Segment Start: DATA RECORDS

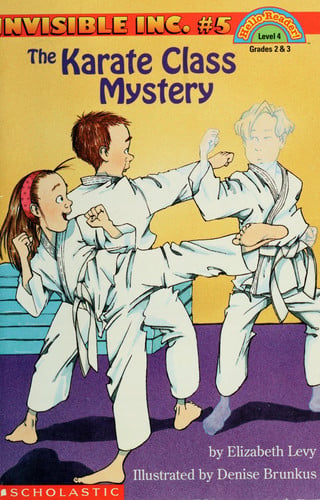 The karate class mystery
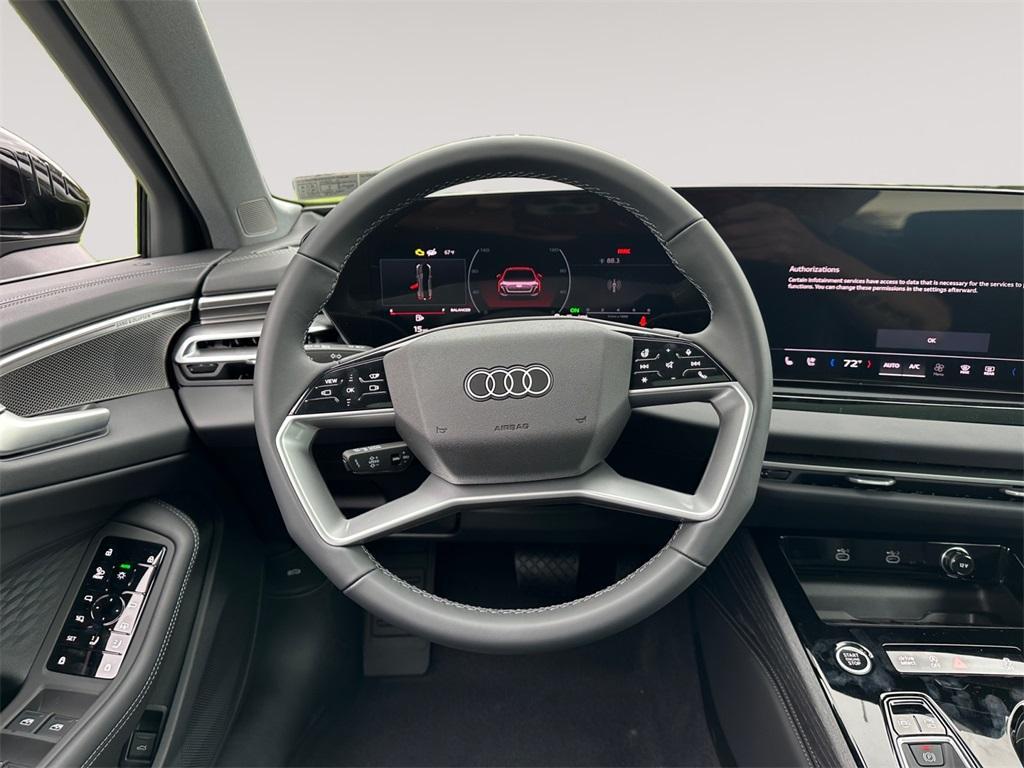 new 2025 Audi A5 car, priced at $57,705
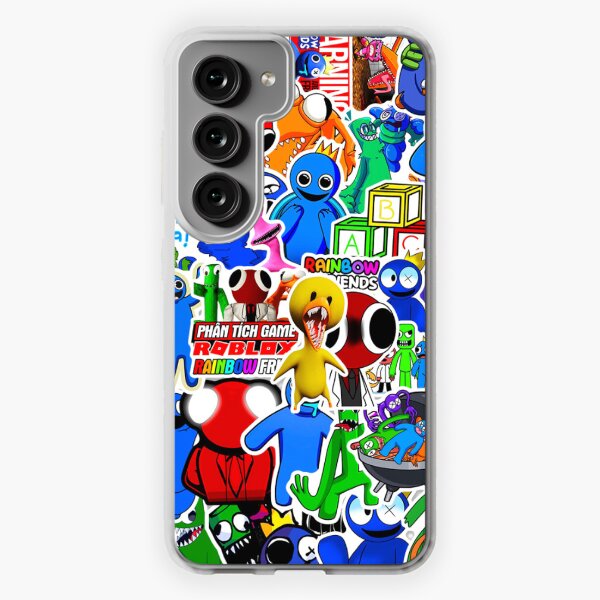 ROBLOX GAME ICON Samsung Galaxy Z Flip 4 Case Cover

Segment End: DATA RECORDS
Segment Start: DATA RECORDS

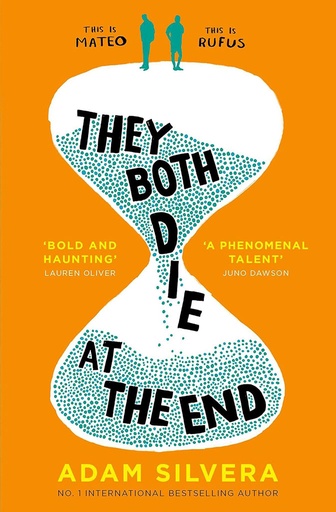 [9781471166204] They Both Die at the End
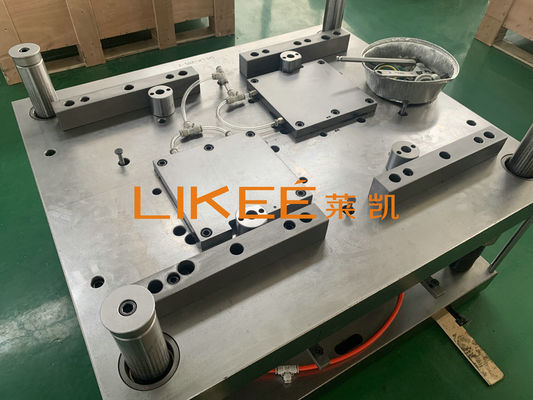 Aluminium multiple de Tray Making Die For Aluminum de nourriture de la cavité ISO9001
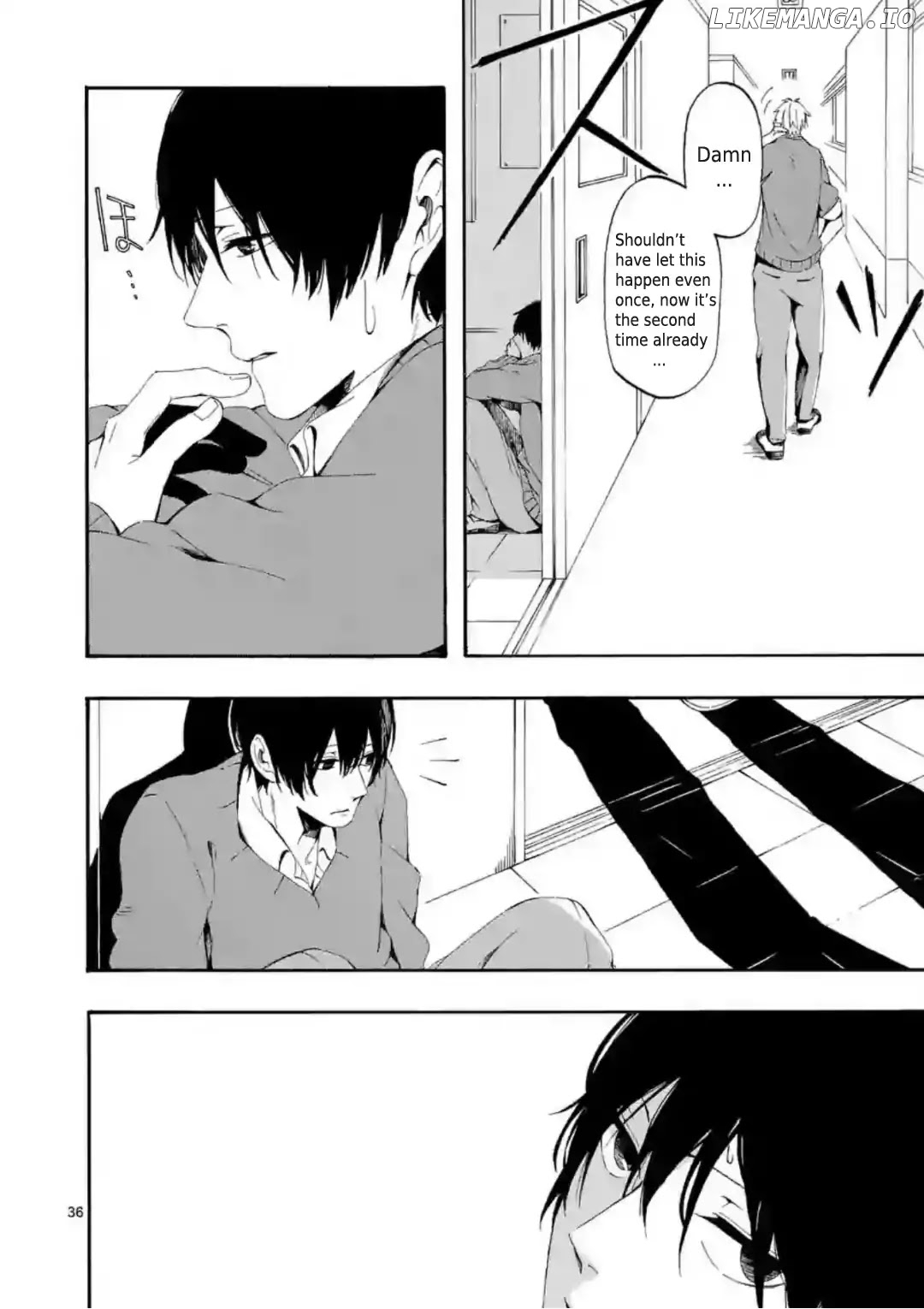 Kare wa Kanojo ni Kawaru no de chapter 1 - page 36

Segment End: DATA RECORDS
Segment Start: DATA RECORDS

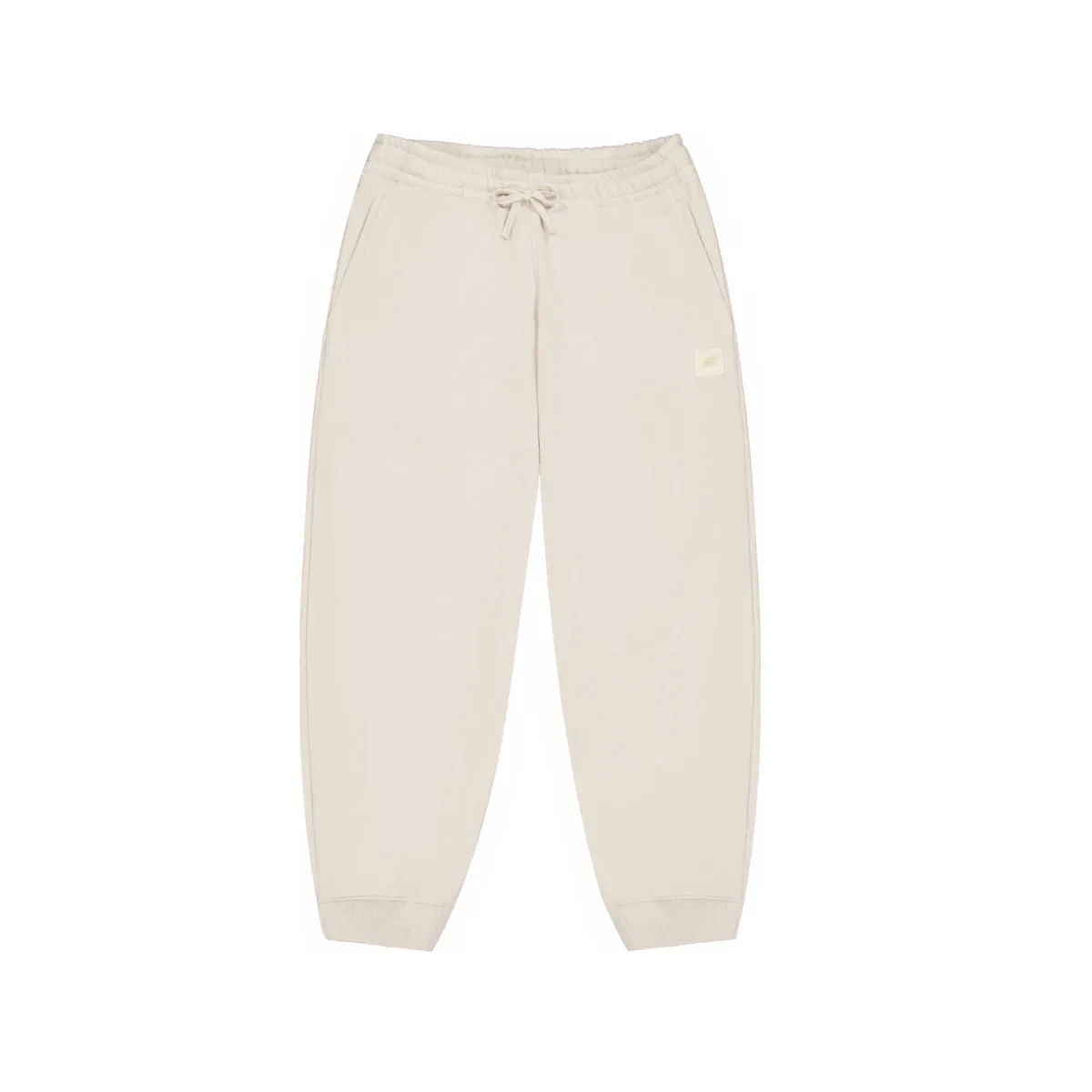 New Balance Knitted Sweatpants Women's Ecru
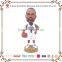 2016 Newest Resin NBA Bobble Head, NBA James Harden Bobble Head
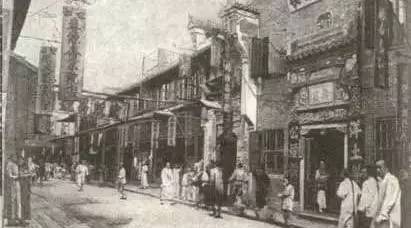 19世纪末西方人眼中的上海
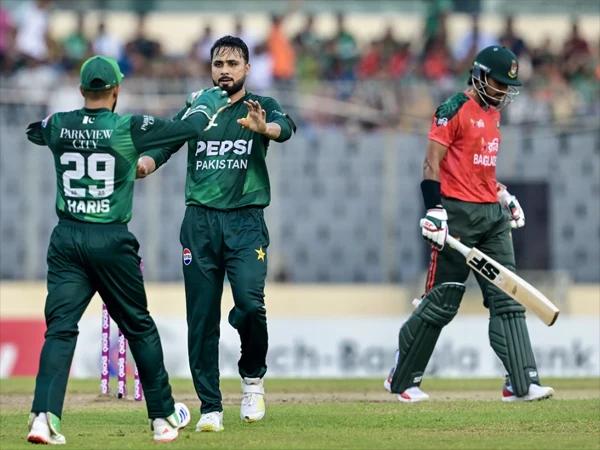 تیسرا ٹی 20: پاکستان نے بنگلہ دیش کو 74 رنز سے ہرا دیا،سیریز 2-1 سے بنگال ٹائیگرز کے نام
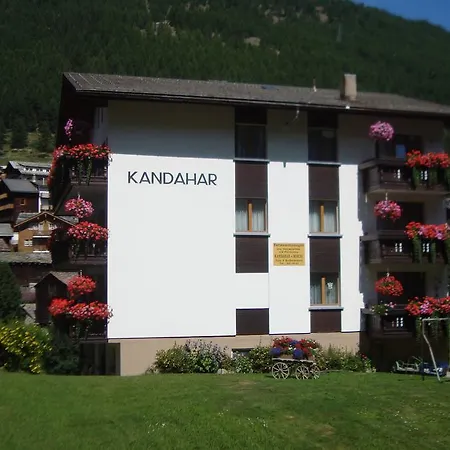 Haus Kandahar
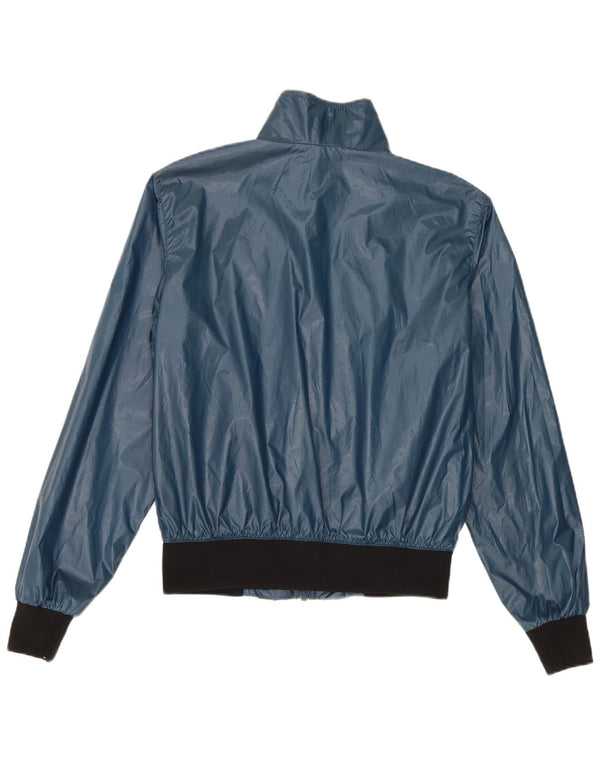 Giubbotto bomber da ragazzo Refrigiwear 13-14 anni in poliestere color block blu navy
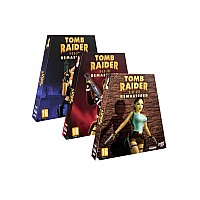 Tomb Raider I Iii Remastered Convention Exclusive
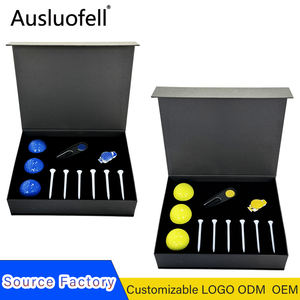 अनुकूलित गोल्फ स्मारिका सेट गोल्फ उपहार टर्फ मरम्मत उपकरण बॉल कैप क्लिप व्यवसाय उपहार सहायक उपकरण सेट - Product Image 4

Segment End: DATA RECORDS

# ACTION ITEM
From the records above, quote word for word only the lines beginning at the line that has "Haus Kandahar" and stopping after the line that has "अनुकूलित गोल्फ स्मारिका". Omit the pictures.

# RESPONSE BOX
 Haus Kandahar
 Giubbotto bomber da ragazzo Refrigiwear 13-14 anni in poliestere color block blu navy
 Tomb Raider I Iii Remastered Convention Exclusive
 अनुकूलित गोल्फ स्मारिका सेट गोल्फ उपहार टर्फ मरम्मत उपकरण बॉल कैप क्लिप व्यवसाय उपहार सहायक उपकरण सेट - Product Image 4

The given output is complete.